You will know that your turkey is cooked safely when the stuffing and thickest part of the meat reach 75 degrees Celsius. After carving the turkey, leftover meat and stuffing is best stored immediately in small containers in the fridge. The turkey and stuffing should be eaten within three days. If reheating the turkey, it needs to be steaming hot, at least 75 degrees Celsius, before it can be eaten safely.

 

Cherries


Cherries

Australian grown cherries are available from November through to February. When buying cherries make sure they have fresh green stems and the fruit is bright and firm with no breaks in the skin. Dry, brown, brittle stems indicate that the cherries have not been freshly picked.

Store your cherries in the fridge and eat them within several days of buying.

 

Custard and dairy


Store-bought custard should be made with pasteurised ingredients. Follow the storage instructions.

If making your own custard be sure to heat until steaming hot, at least 60 degrees Celsius. Like all food from animals, eggs need special care to keep them safe.

Custard

Foods with lightly-cooked or raw eggs are not suitable for children younger than 2 years, pregnant women, people with low-functioning immune systems or people older than 70 years. Once cooked or opened, all custard should be eaten or returned to the fridge within 2 hours and kept no more than 3 days.
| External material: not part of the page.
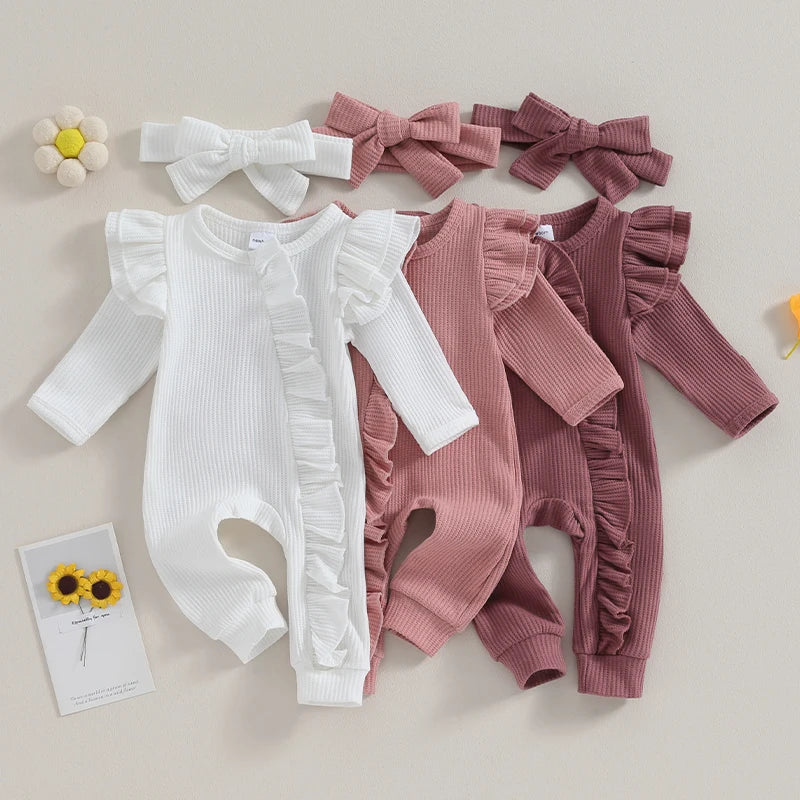 Luna Delight | Baby Romper Set - Elegant Baby Jumpsuit with Matching Headband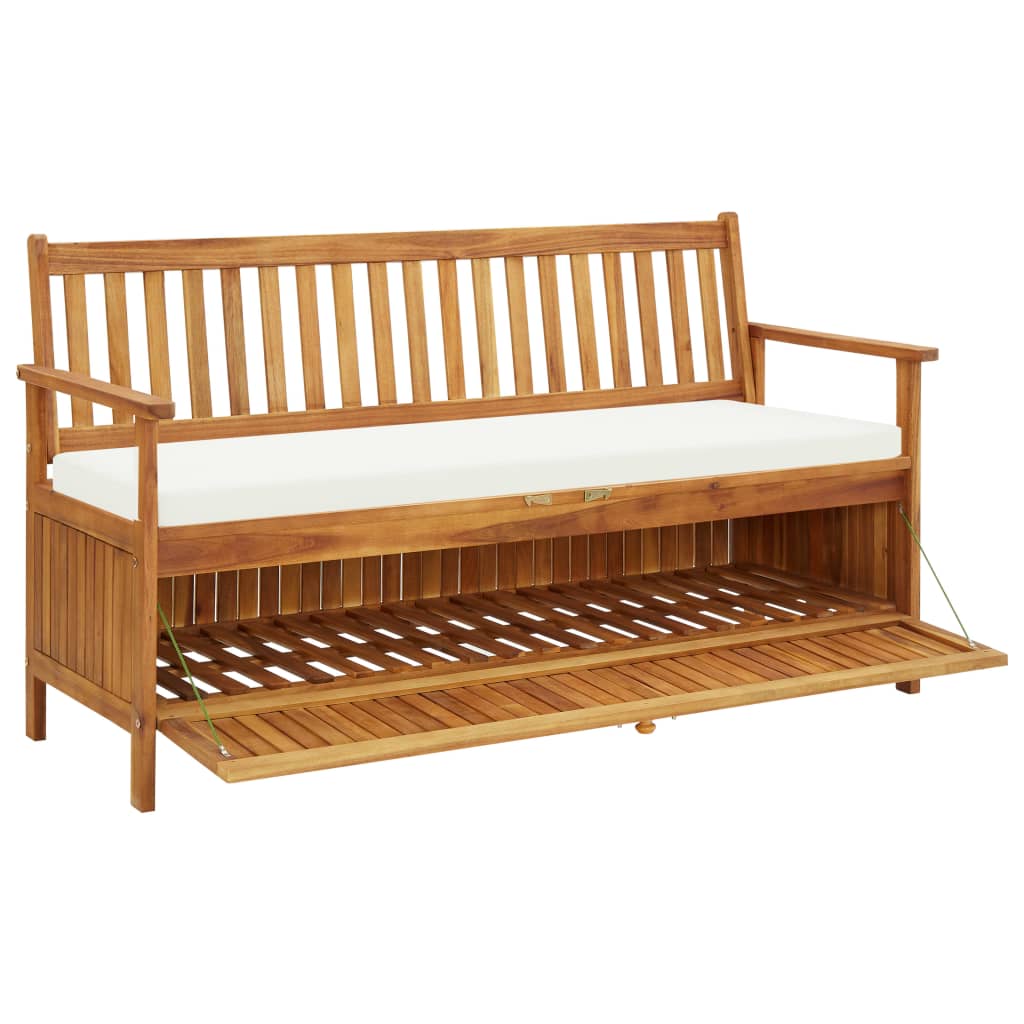 Storage Bench With Cushion 148 Cm Solid Acacia Wood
It's best to keep everything that has used fresh cream in the fridge until just before serving and make sure you return any leftovers to the fridge within 2 hours.

 

Christmas pudding


Christmas pudding

Christmas pudding can be refrigerated for three months or stored in the freezer for up to six months or more, depending on the freezer temperature. Drier recipes can be stored in a sealed container at room temperature, although humidity can cause mould.

 

Fruit mince pies


Fruit mince pies

Fruit mince pies can be stored in a sealed container at room temperature and are also suitable for freezing. If you freeze them ensure they are thoroughly defrosted and can be delicious if warmed through gently in a low oven before serving.